The financial crisis has been caused by irresponsibile borrowing, buying and selling of risky debt, and the inability of banks to value assets effectively. Again, this was caused by the lack of transparency and ineffective global regulation of financial flows. Tax havens have played a key role in the current financial crisis by providing opacity necessary to the establishment of special purpose vehicles and speculative financial actors such as hedge funds.

The effects on the south are potentially catastrophic. Falling Aid flows, migrant remittances, and FDI, coupled with falls in export demand for commodities like wheat, mean the poor will be hit first and worst.

Solutions: Financial Transparency
The problems of capital flight and the financial crisis demonstrate clearly that the complexity of global financial flows has grown far beyond the ability of governments to effectively monitor and regulate them. The current regulatory framework is not fit for purpose.

At the Monterrey Financing for Development conference in 2002, governments pledged to encourage “the orderly development of capital markets aimed at addressing development financing needs and foster productive investments”. They agreed, that this “requires a sound system of financial intermediation, transparent regulatory frameworks and effective supervisory mechanisms”. This has yet to be delivered.

Creating an atmosphere of financial transparency and accountability would help to address issues of capital flight and the current financial crisis which will have a huge detrimental effect on southern countries and the possibility of achieving the Millennium Development Goals (MDGs).
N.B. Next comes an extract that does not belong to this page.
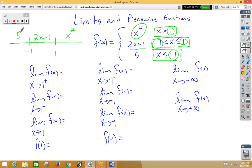If we're approaching 1 from the right side, we're going to use x squared. If we're approaching 1 from the left side, we're going to use 2x plus 1. If we're approaching negative 1 from the right side, we are also using 2x plus 1. If we're approaching negative 1 from the left side, we're going to be using 5.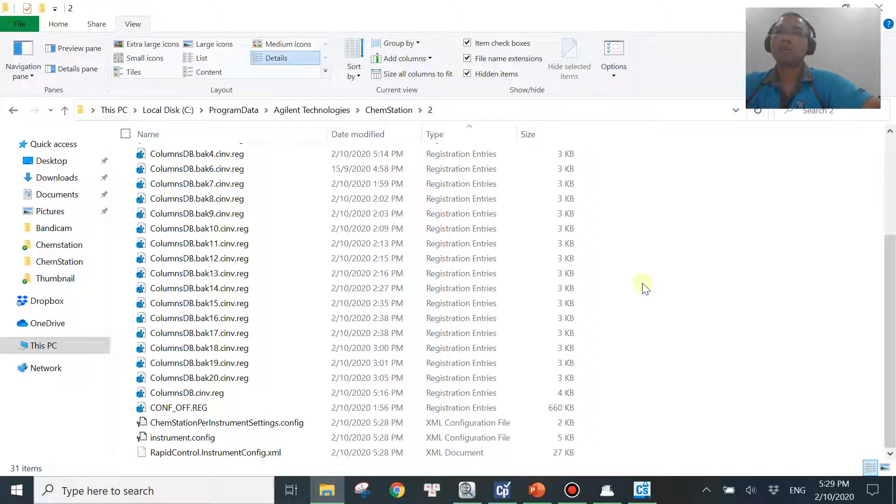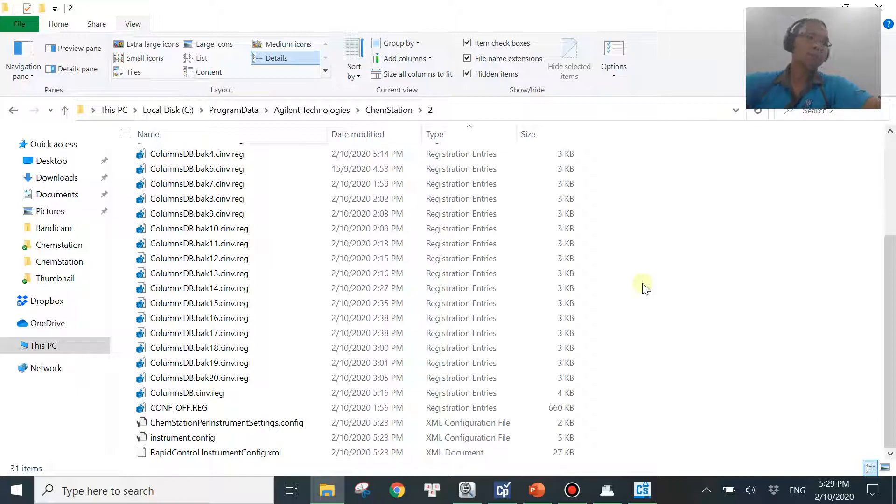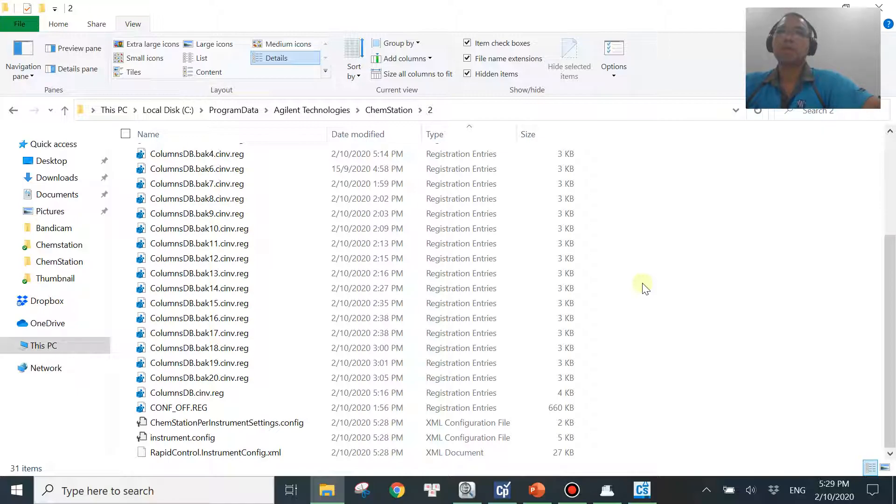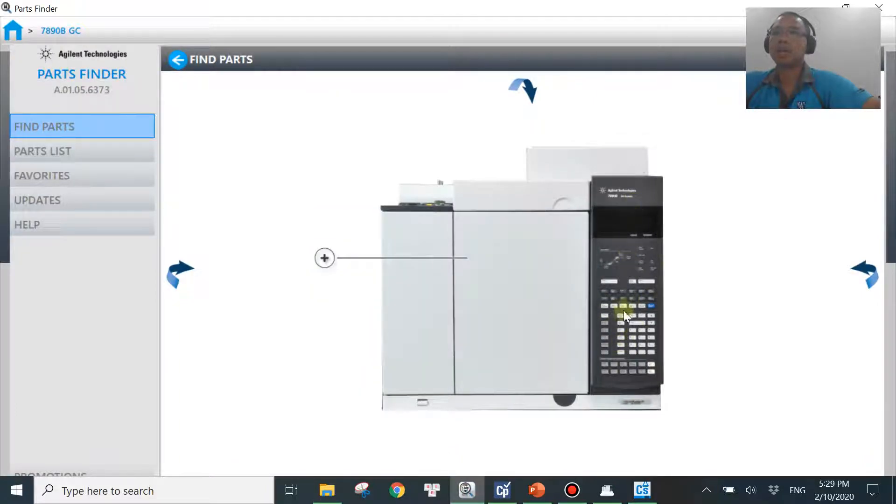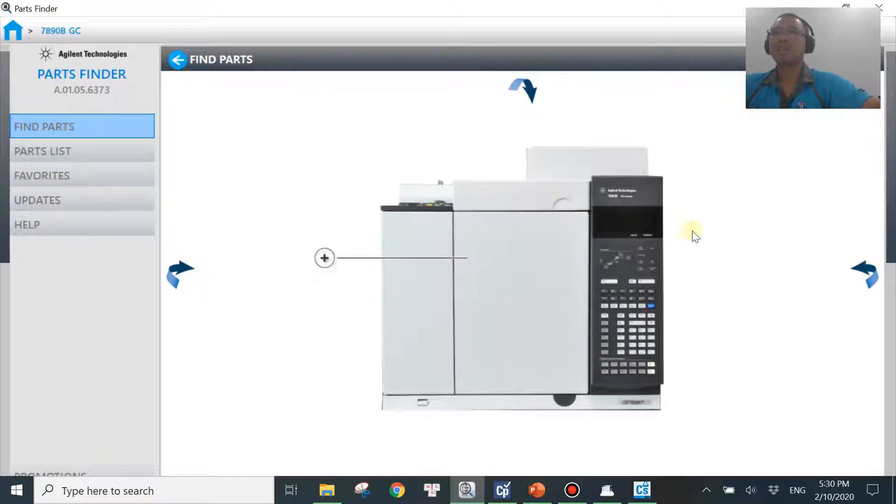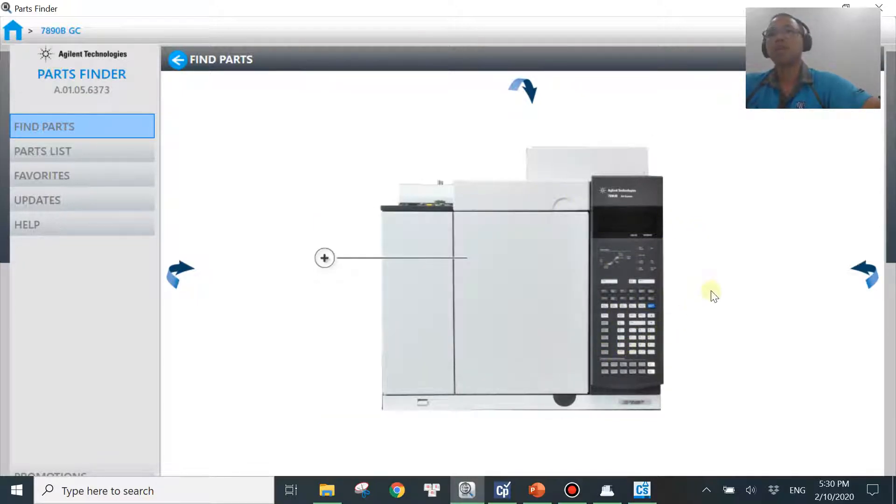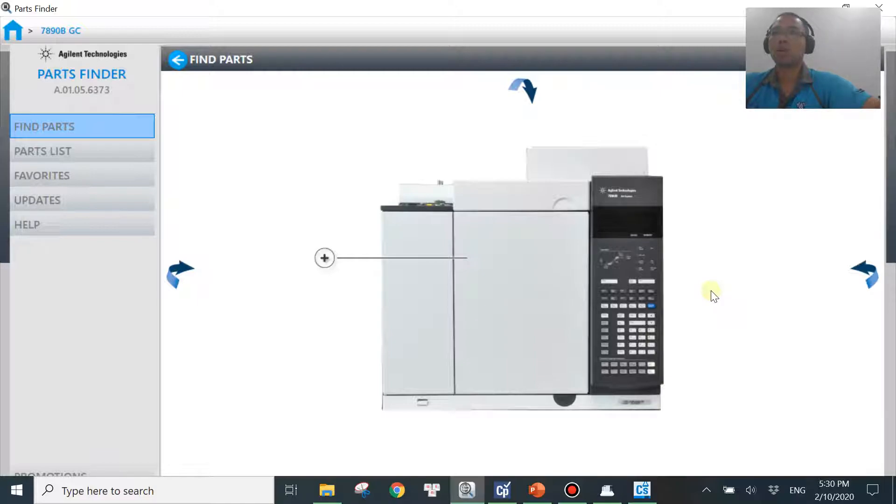So let me know in the comments if you have any problem to fix this problem or even if you have problem to find out the IP address of your GC model, because the one just now I showed you was 7890. And if you are using another model like 6890 or even 8890, the newest model, there's no keyboard over here. If you don't know how to find out the IP address, let me know in the comment. I will show you that.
REQUIRED OUTCOMES FROM THE DOHA FfD CONFERENCE

a) A clear statement of the pre-eminence of tax as the only sustainable source of public finance for independent development;

b) That the UN Committee of Experts on International Cooperation on Tax Matters (the UN Tax Committee) should be upgraded into an intergovernmental body, tasked with enhancing international cooperation on tax issues and promoting the goal of effective tax information exchange (not least between developing countries and others);

c) That the Tax Committee adopt a ‘UN Code of Conduct on Cooperation in Combating International Tax Evasion and Avoidance’, of which a draft has already been discussed, and which sets minimum standards to countries’ cooperation;

d) International implementation of country by country reporting standards for transnational companies.

1 Comments:

Blogger Ivo Cerckel said...

The distinctions between taxation and theft being
that the thief does not come back periodically
and
that the thief does not allege to be stealing in the public interest,
I urge

http://bphouse.com/honest_money/2008/11/24/financing-for-development-ffd/

SNIPS
The international conference on Financing for Development (FfD), scheduled to take place in Doha, Qatar, from 29 November to 02 December 2008, [to] examine the causes of the crisis.
These causes are the monetary policies of “our” central banks, that is, for the moment their policies of lowering interest rates. The solution is to call for an end to trade cycles by taking monetary policy out of the hands of governments.

+

Let us hope that this conference will stop maintaining the corrupt dollar-regime at all cost.

Let us hope that this conference will stop caricaturing everything (oil, gas, gold, euro, etc.) which does not suit the said regime.

Let us hope that this conference will call for an end to trade cycles by taking monetary policy out of the hands of governments.

I am not sure a conference of heads of “state” is likely to do that.

Hence, we shall forever remain underdeveloped.